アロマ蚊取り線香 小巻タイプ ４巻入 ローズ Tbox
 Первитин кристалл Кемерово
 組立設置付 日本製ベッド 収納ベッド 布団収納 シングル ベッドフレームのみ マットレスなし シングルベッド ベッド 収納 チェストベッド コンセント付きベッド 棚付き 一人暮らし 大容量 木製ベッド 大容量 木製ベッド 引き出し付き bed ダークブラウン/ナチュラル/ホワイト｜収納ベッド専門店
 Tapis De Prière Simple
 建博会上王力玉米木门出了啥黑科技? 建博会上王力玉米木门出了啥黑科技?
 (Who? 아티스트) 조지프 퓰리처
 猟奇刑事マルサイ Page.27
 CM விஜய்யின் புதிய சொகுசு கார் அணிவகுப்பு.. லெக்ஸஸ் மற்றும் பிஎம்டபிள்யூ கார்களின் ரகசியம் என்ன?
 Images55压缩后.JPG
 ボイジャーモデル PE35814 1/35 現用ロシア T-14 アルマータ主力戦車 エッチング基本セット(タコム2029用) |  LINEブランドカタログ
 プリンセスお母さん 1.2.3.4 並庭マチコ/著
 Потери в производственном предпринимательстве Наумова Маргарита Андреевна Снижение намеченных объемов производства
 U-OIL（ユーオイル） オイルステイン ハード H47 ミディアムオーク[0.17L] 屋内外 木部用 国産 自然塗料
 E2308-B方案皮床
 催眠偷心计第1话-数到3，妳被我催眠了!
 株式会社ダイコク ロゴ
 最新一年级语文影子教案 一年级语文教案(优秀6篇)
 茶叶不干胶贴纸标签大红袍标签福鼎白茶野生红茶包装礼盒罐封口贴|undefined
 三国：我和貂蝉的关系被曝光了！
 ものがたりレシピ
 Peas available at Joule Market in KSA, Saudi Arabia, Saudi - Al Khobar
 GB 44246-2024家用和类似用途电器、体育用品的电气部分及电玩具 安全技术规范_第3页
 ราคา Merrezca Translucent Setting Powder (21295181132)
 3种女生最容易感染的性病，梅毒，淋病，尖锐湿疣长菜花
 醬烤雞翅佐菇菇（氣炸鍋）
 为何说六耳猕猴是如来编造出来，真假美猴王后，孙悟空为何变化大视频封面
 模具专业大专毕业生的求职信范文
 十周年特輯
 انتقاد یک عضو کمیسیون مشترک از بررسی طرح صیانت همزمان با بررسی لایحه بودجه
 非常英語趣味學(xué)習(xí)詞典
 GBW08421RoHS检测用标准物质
————————
EXERCISE GOAL - Please reproduce the lines from the line with "プリンセスお母さん 1.2.3.4 並庭マチコ/著" to the line with "Peas available at", both ends included, exactly as they appear above.

FINISHED TASK -
 プリンセスお母さん 1.2.3.4 並庭マチコ/著
 Потери в производственном предпринимательстве Наумова Маргарита Андреевна Снижение намеченных объемов производства
 U-OIL（ユーオイル） オイルステイン ハード H47 ミディアムオーク[0.17L] 屋内外 木部用 国産 自然塗料
 E2308-B方案皮床
 催眠偷心计第1话-数到3，妳被我催眠了!
 株式会社ダイコク ロゴ
 最新一年级语文影子教案 一年级语文教案(优秀6篇)
 茶叶不干胶贴纸标签大红袍标签福鼎白茶野生红茶包装礼盒罐封口贴|undefined
 三国：我和貂蝉的关系被曝光了！
 ものがたりレシピ
 Peas available at Joule Market in KSA, Saudi Arabia, Saudi - Al Khobar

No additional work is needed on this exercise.